The Tanzanian flag has ducked its responsibilities to this seafarer and has replied only once with a holding response to the International Transport Workers’ Federation’s (ITF) many queries.

Do you remember what you were doing 10 years ago? In 2012, you may have been buying a brand-new iPhone 5. Or watching the London Olympics on the TV. Or reading in the news about the cruise ship Costa Concordia running aground off Italy.

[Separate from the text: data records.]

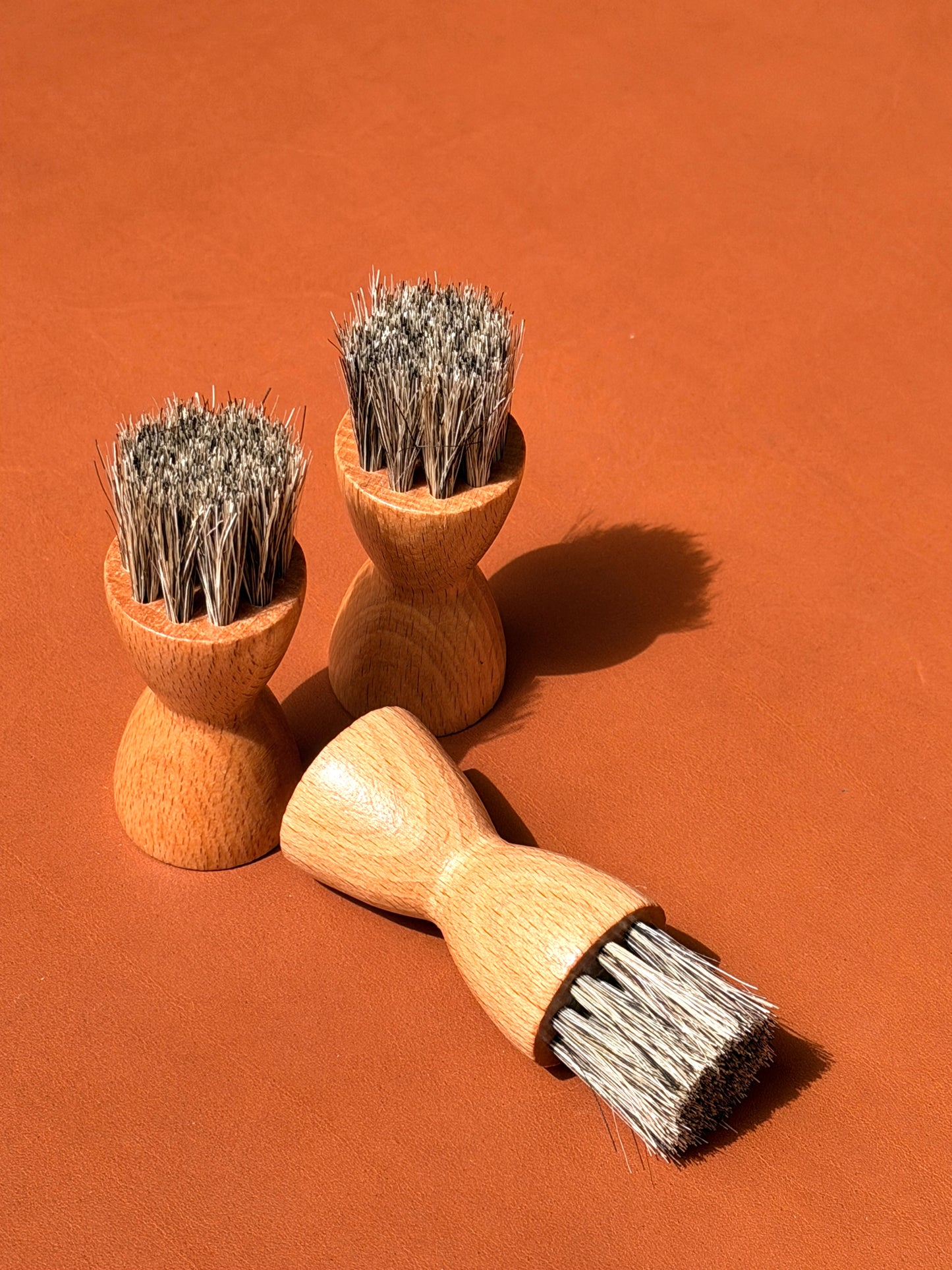 Round brush 100% horsehair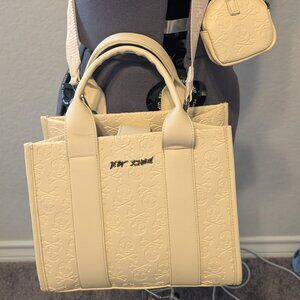 Betsey Johnson Skull Crossbody Hangbag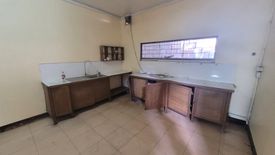 Warehouse / Factory for rent in Tandang Sora, Metro Manila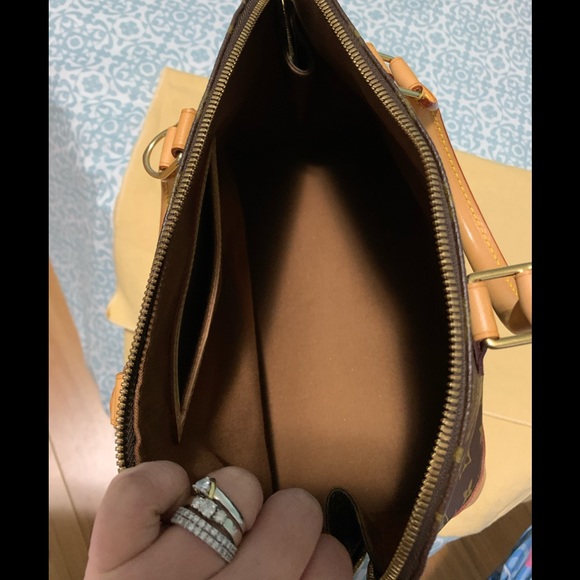 —SOLD ON INSTAGRAM— LV Alma PM - Picture 8 of 8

Abdul Naser Saleh knows what he was doing. On 20 September 2012, he was taking a job as an engineer on the Al Maha (IMO 7721146). Ten years later, he’s still stuck on board, currently at the port of Jeddah in the Kingdom of Saudi Arabia. For the last seven of those years, he has received no pay. He has been tricked and cajoled by the owners into remaining at his post while other crew members have come and gone, while most of the others have received their rightful pay.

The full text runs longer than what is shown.